Adapted from a 2006 French film, Prete-moi Ta Main (which means 'Rent A Wife'), the Telugu adaptation ferrets out the meaty, mirthful, relevant portions from the original and adds bits of its own, which don't always work.
What works is the undeniable chemistry between Nag and his very pretty and confident co-star.
Rakul Preet Singh encores (excuse the French, but that's the flavour) her role from her recent Hindi hit De De Pyar De. She is the 20-something feisty, fearless, flirtatious femme fatale whom the 40-something virgin Nag (the joke is, he hits on everything in skirts but his family is oblivious) hires to appease his bahu-fixated mother (the lovely Lakshmi; no longer 'Joyous Julie' but still a joy to behold) and his 3 sisters(there were 4 sisters in the original FrenchA film).
The entire brood of Telugu-speaking bride-seekers lives in a scenic Portuguese town called Cassandra. The film looks and feels organically beautiful. We even get a brief animation history of the Indian to connect with the exotic location. All this, plus some tediously unfunny 'comic' scenes that come later, could have been avoided.
Providentially these superfluous elements in the script do not take away from the heart of the plot , which subsumes Sam (nickname for Sammba)'s childlike devotion to his mom and sisters as opposed to his secret lust life, which only his best friend and PA Kishore(played by Vannela Kishore, the eternal best friend of Telugu cinema) is aware of.
Nagarjuna pulls off the child-man act with remarkable restraint. He is the mollycoddled mama's boy around his mother and sister and the lustful Lothario in a series of encounters with sexy women. In fact, this is the sexiest film of Nag's career. The libidinous encounters include a hilarious sequence where Nag's best friend runs to a drugstore for condoms when his master is in the mood with a one-night stand. Nag pulls off the sexy-at-60 stint with aplomb.

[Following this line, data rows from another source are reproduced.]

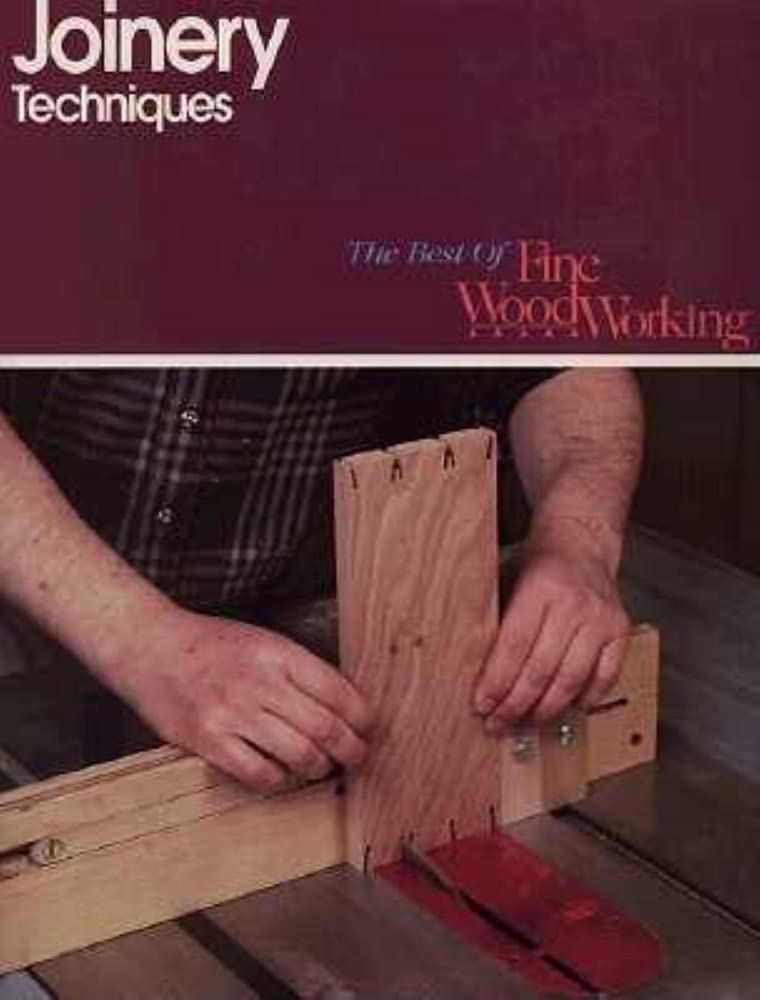 Joinery Techniques (The Best of Fine Woodworking) Business & Technology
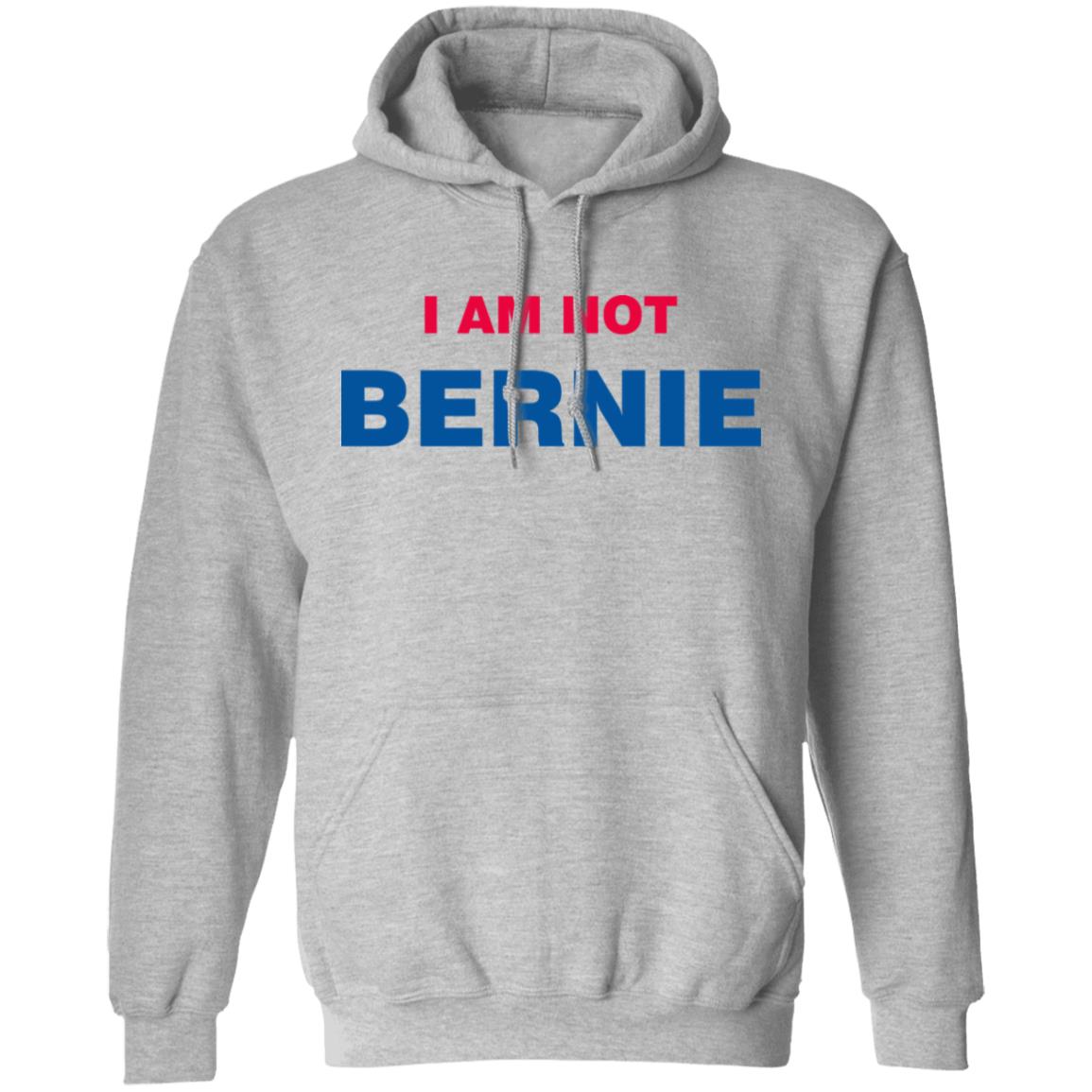 I Am Not Bernie Sweatshirt Bernie Sanders I Am Not Bernie Sweatshirt Bernie Sanders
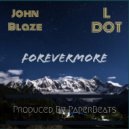 John Blaze & L Dot - For Evermore (Original Mix)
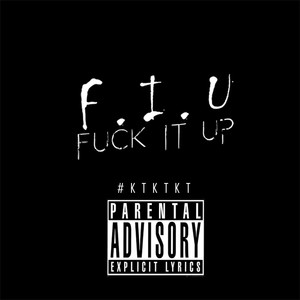 F.I.U. (Explicit)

Oh, I forgot. This guy also suffers from OCD, and there is a brilliant encounter with Rakul where she spills spaghetti on the cushion.

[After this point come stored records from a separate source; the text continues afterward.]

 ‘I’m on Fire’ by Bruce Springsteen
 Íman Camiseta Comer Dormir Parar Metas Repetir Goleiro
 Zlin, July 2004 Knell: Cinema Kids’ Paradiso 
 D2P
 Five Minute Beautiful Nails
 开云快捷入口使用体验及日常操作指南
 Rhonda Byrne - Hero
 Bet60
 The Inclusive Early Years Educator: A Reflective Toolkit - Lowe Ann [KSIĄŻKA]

What doesn't work are the loud attempts at broad satire, like the pre-planned non-happening wedding where Nag acts like a jilted groom so loudly that anyone can see he is faking it. Or that really stupid sequence where the entire family inhales weed. And the less said about Rakul's fake lesbian encounter with one of Nag's screen sisters, the better.
All the slurs in the screenplay are swept aside once Nag and Rakul get on the screen to romance to Chetan Bhardwaj's lovely songs. The twosome's toothsome togetherness grows with compelling cuteness. The relationship is fuelled and nurtured by a deep understanding of what makes two seemingly incompatible people care for each other in spite of all odds.
Decades ago, the great BR Chopra's Sadhana had Sunil Dutt bring home the prostitute played by Vyjanthimala as his mother's dying wish, to pose as his wife. In Manmadhudu 2 I saw glimmers of the same charm as Sadhana.